--- START ---
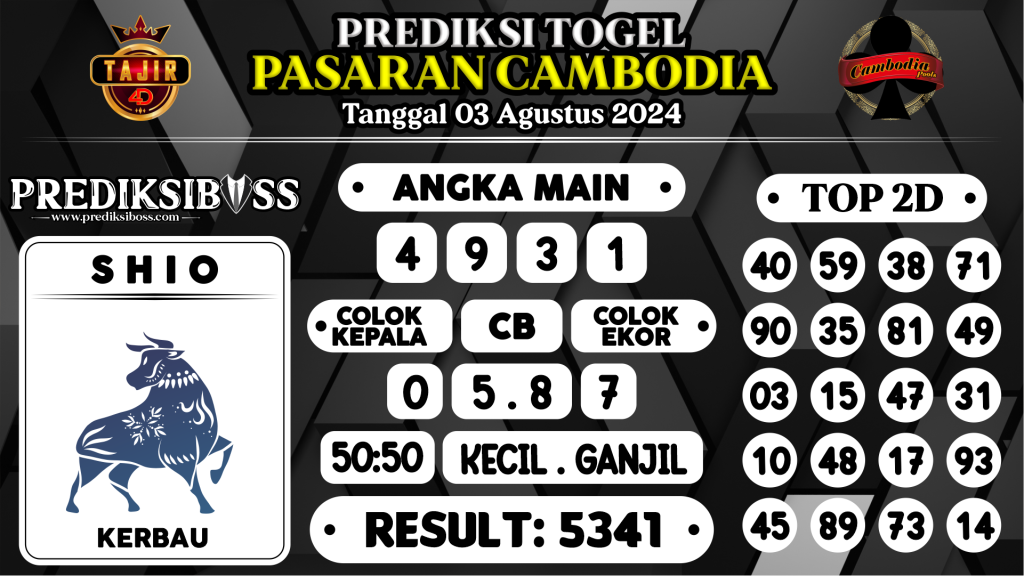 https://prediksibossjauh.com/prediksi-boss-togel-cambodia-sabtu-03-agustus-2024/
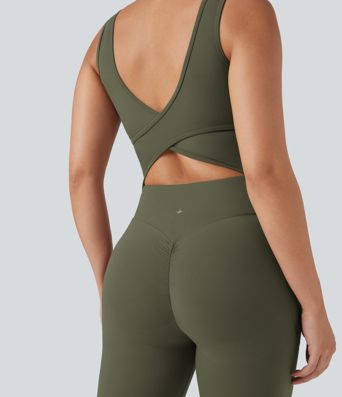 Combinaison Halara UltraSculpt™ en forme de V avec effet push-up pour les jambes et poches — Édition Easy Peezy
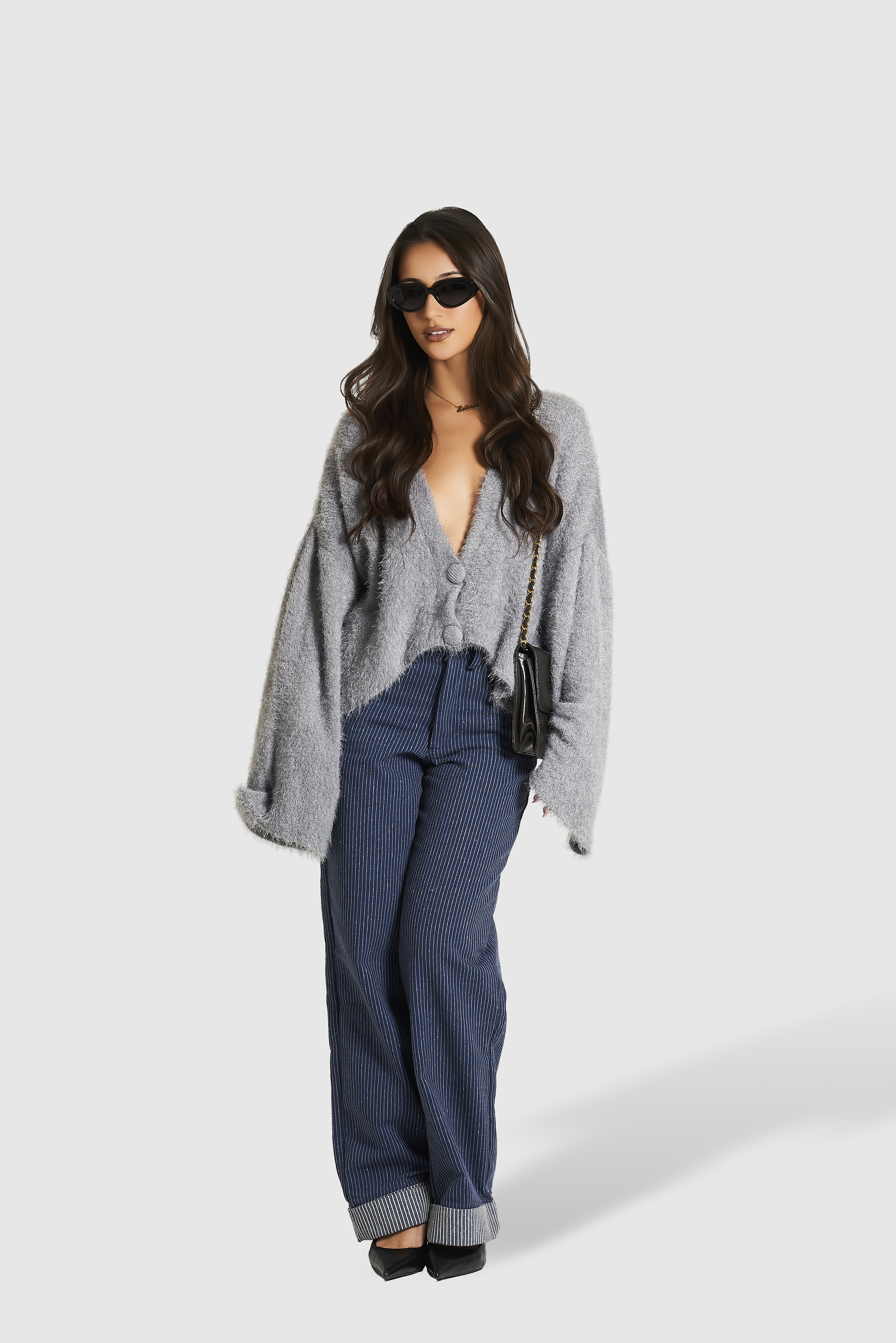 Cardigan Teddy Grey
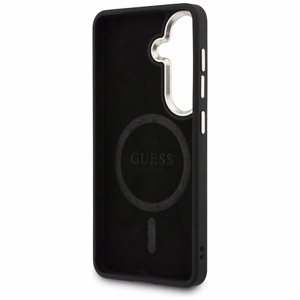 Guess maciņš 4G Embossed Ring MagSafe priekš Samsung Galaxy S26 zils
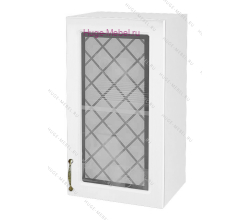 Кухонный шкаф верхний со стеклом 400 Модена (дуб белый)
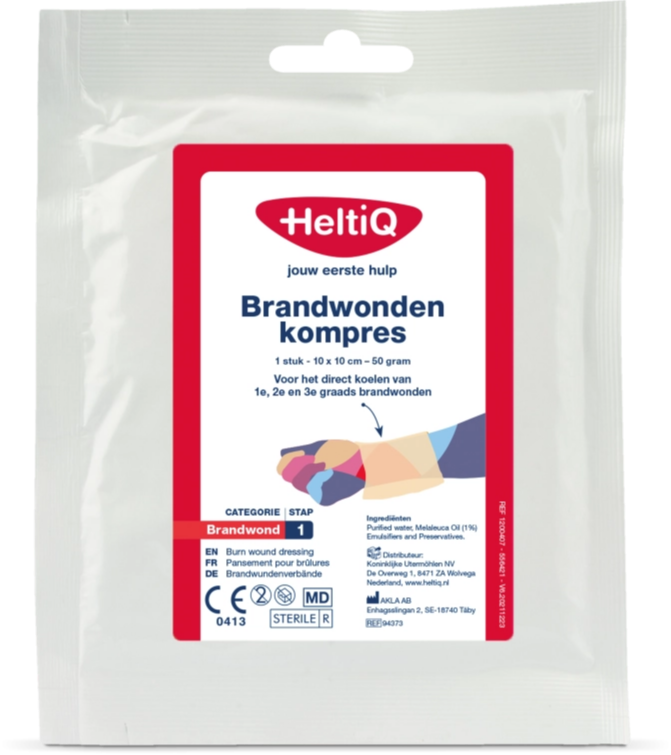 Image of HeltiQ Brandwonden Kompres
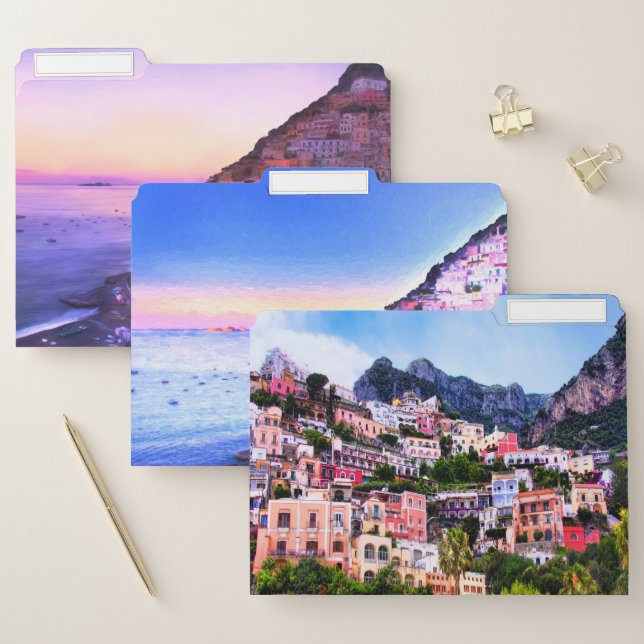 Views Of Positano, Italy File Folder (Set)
--- END ---
--- START ---
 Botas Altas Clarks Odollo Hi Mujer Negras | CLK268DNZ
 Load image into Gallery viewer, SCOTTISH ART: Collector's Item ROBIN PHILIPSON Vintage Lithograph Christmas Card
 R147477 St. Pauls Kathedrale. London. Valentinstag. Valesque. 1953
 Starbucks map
--- END ---
• **To do**
Would you please write out, exactly and with no other lines, the stretch of the listing above from the line containing "R147477 St. Pauls" through the line containing "Starbucks map"?

• **Response to the task**
 R147477 St. Pauls Kathedrale. London. Valentinstag. Valesque. 1953
 Starbucks map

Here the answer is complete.